The first thing to note specifically for integer arrays is that quicksort might not be the best choice for sorting depending on the possible range of values. A counting sort may be more appropriate, for example.
In the general case (i.e. not specific to integers), Martinez and Roura analyzed this problem for both quicksort and (single order statistic) quickselect. See "Optimal Sampling Strategies in Quicksort and Quickselect" SIAM Journal on Computing http://dx.doi.org/10.1137/S0097539700382108
The short answer is that the optimal strategy is to pick as the pivot element the median of a sample of elements, with the sample size roughly proportional to the square root of the number of elements in the array to be sorted, unless swapping is extraordinarily expensive. Specifically for simple types (e.g. integers), swapping is not expected to be expensive; it may be less costly than comparison via a function call, as in qsort.
That strategy also changes the worst-case (adversarial input) performance from quadratic to polynomial with an exponent of 1.5; see also McGeoch and Tygar "Optimal Sampling Strategies for Quicksort" Random Structures and Algorithms http://dx.doi.org/10.1002/rsa.3240070403
Instead of using the exact median of the samples, a lower-cost option is to approximate the median with a pseudomedian. One which can be scaled with sample size and which provides an increasingly accurate estimate of the median as sample size increases is the remedian as described by Rousseeuw and Bassett in "The Remedian: A Robust Averaging Method for Large Data Sets" Journal of the American Statistical Association http://amstat.tandfonline.com/doi/pdf/10.1080/01621459.1990.10475311 See also Battiato et al. "An Efficient Algorithm for the Approximate Median Selection Problem" in Proceedings of the 4th Italian Conference on Algorithms and Complexity http://dl.acm.org/citation.cfm?id=648257.753042 (it's the same remedian, "rediscovered" by the authors about a decade after Rousseeuw and Bassett).

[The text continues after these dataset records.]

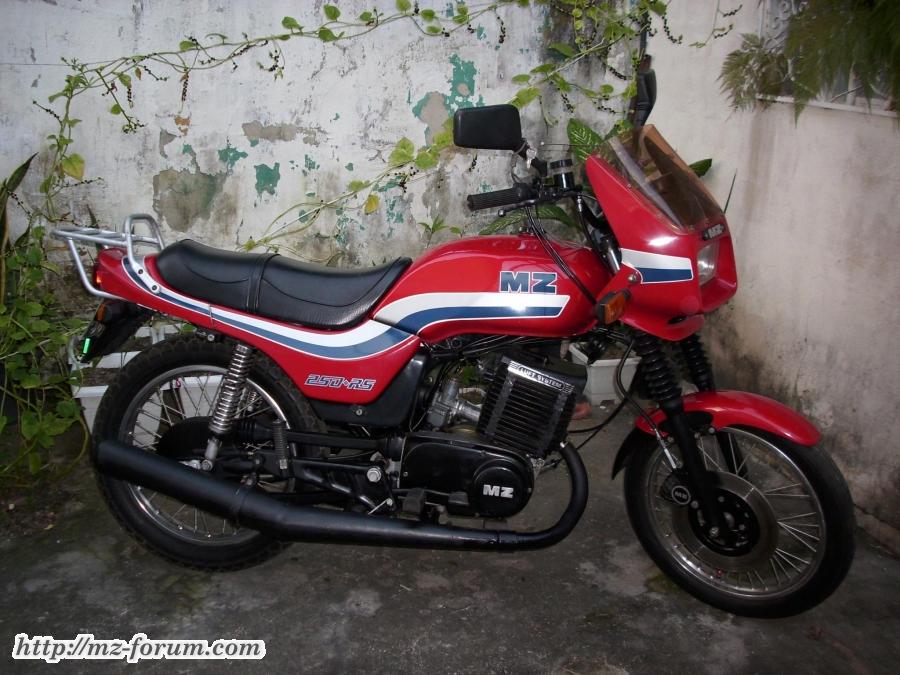 MZ250RS - Brazilian MZ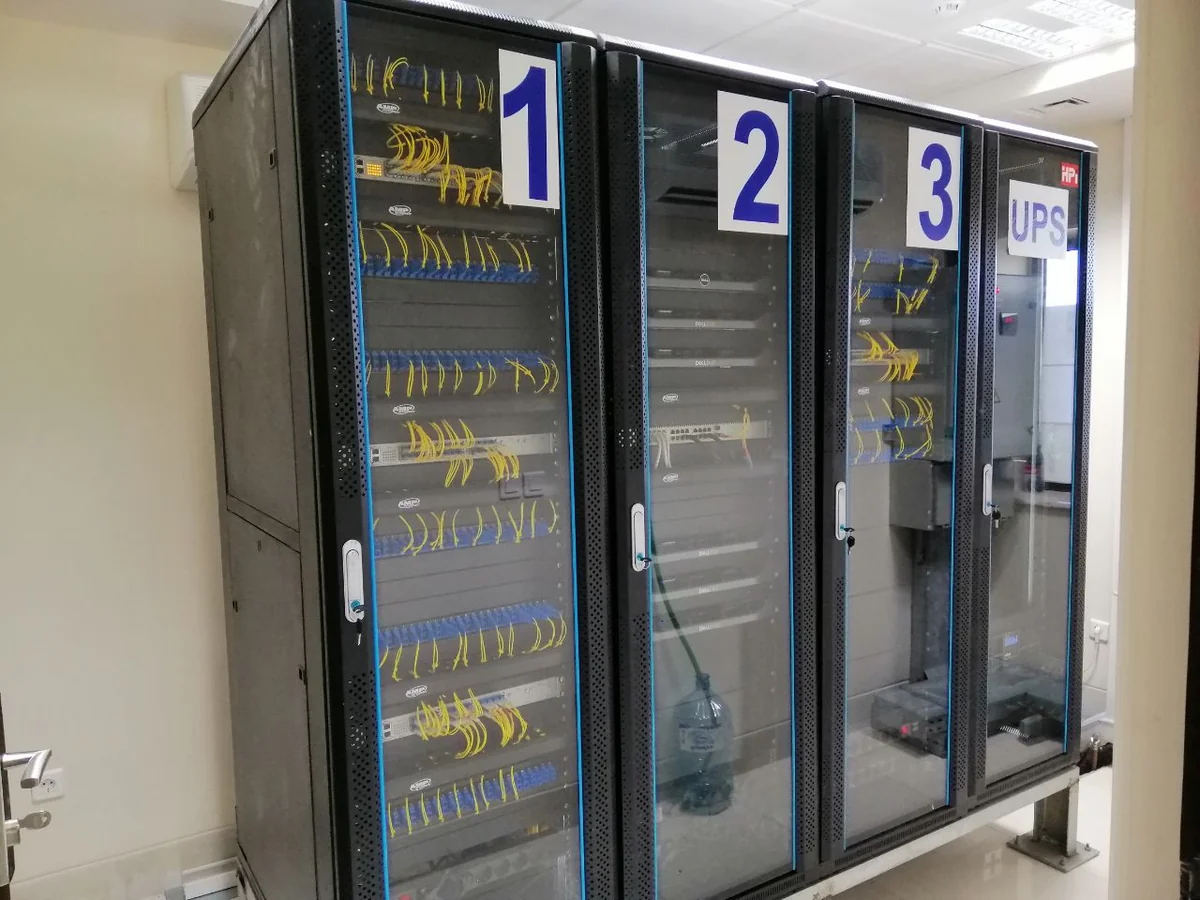 Мрежова инфраструктура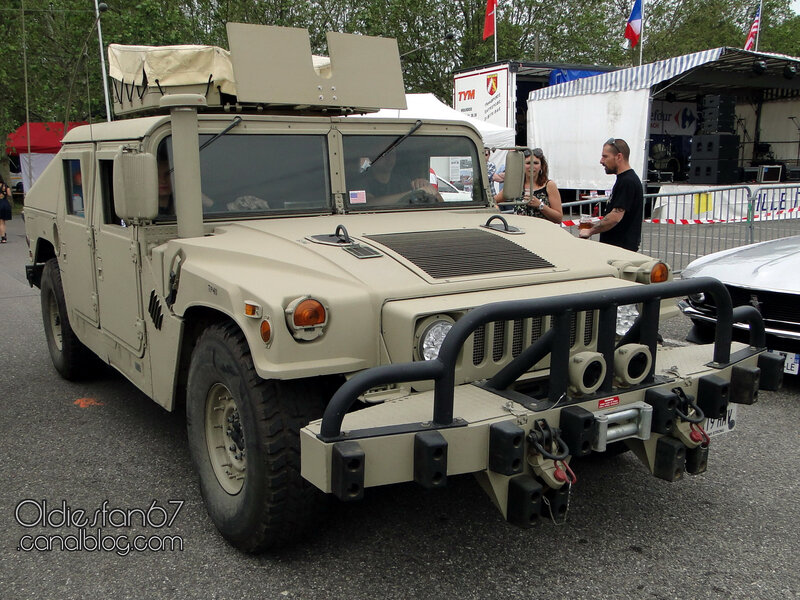 HMMWV (High Mobility Multipurpose Wheeled Vehicle) ou Humvee m998 1983_2014-01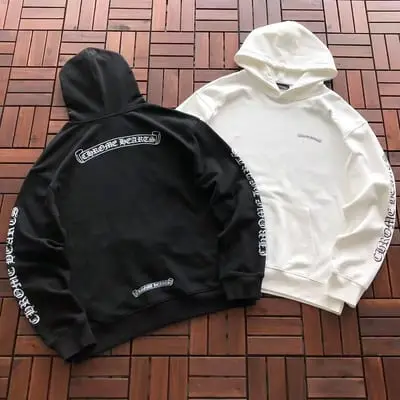 ￥~236 CH🔥OM🔥 HE🔥RTS HOODIE 66080423 (im 185CM 70KG iwear size L in the photo)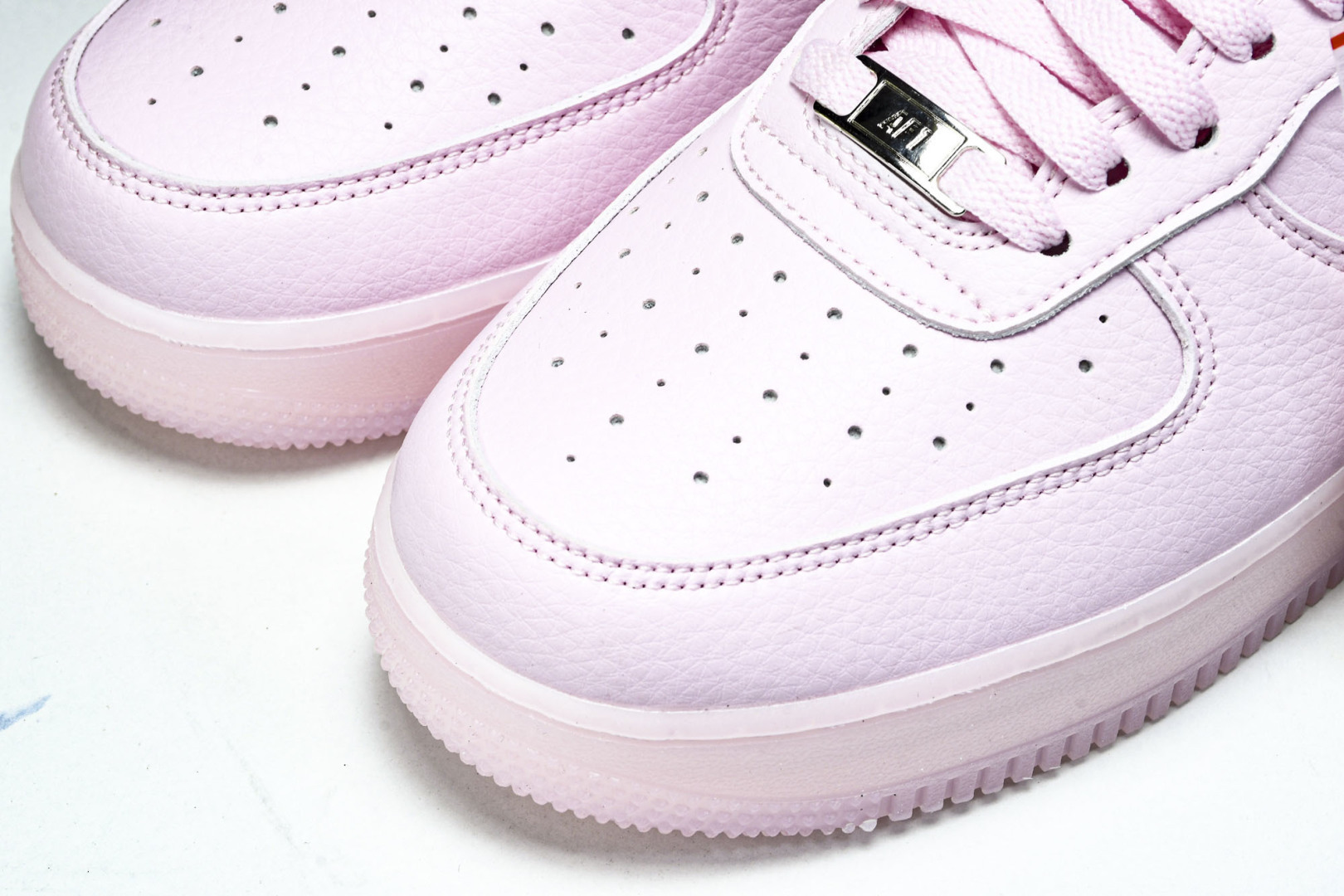 AF1 尺码36-45纯原版出品- NOCTA x Air Force 1休闲板鞋粉色 CZ8065-6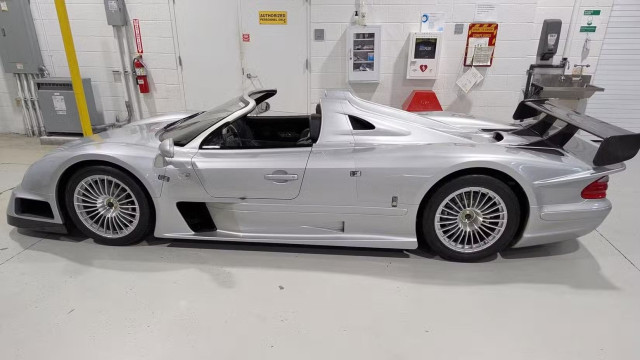 Mercedes-Benz CLK GTR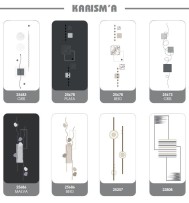 Enrollables de Screen Bordados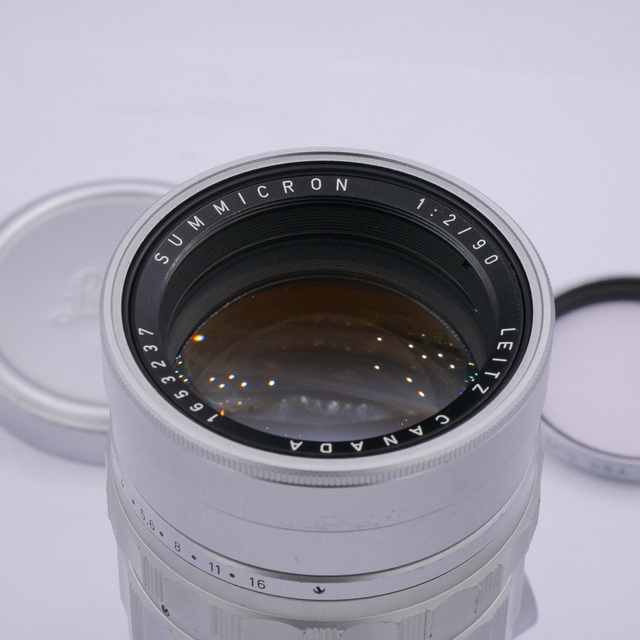 S-H-RE5CPD_2.jpg - Leitz MF 90mm F/2 Summicron Lens in M Mount - Canada - Image 1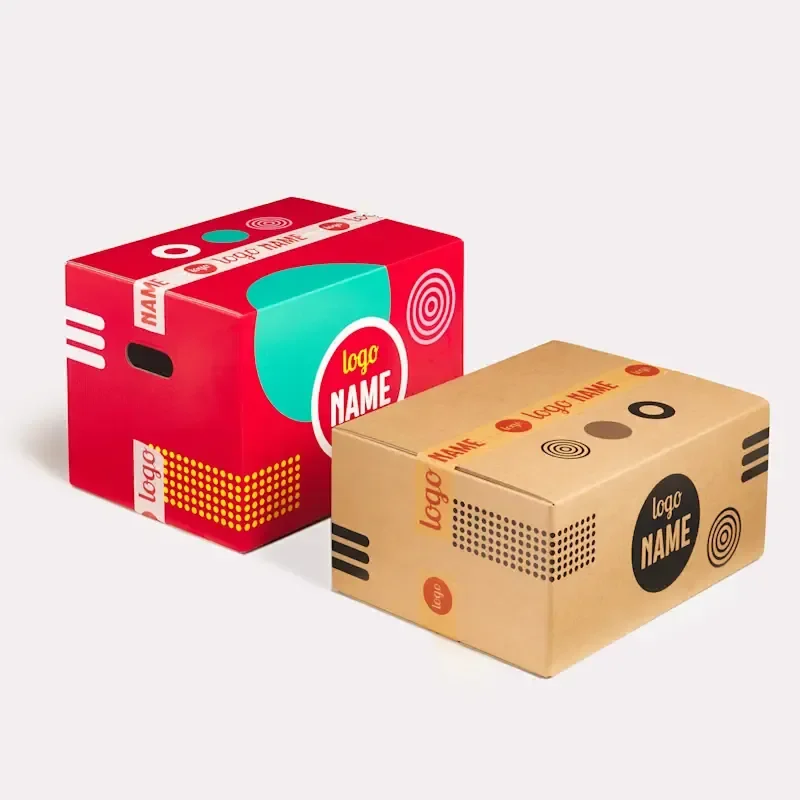 Boîtes pliantes américaines (fefco 0201)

For an even deeper dive (especially regarding the importance of quality of sampling as well as quantity), see https://github.com/brucelilly/quickselect/blob/master/lib/libmedian/doc/pub/generic/paper.pdf or the video at https://www.youtube.com/watch?v=iWmAf4RMMiM There you'll also find a way to get the adversarial performance to remain linearithmic (as opposed to going polynomial) without deterioration in non-adversarial input performance.
You say
If we invest more effort in finding a good pivot (e.g., take the median of k random samples), we might make more comparisons, but swap less elements.
What typically happens (for uniformly distributed random input) is that a better (i.e. closer to the true median) pivot results in fewer overall comparisons during sorting but more swaps. With a pivot close to the median every time, the number of comparisons to sort (ignoring comparisons for pivot selection) is $N \log _ 2 N$ and the number of swaps (if efficiently arranged) is 1/4 $ N \log _ 2 N$. On the other hand, a randomly selected pivot element leads to 1.386 $N \log _ 2 N$ comparisons but only 1/6 $N \log _ 2 N$ swaps (more than 8 times as many comparisons as swaps). The two are related; a reduction in the number of swaps implies a lopsided partition (about 78.9%/21.1% for 1/6 $N \log _ 2 N$ swaps) and that leads to an overall increase in the number of comparisons because the problem size is reduced by less than half. The key to minimizing comparisons is using an efficient pseudomedian, one which provides a good estimate of the median with much fewer comparisons than the ~2N which are expected to find the exact median. The remedian with base 3 computed on a sample of size $\sqrt {N}$ costs about 1.5 $\sqrt{N}$ comparisons, which is much less than 2N for reasonable N.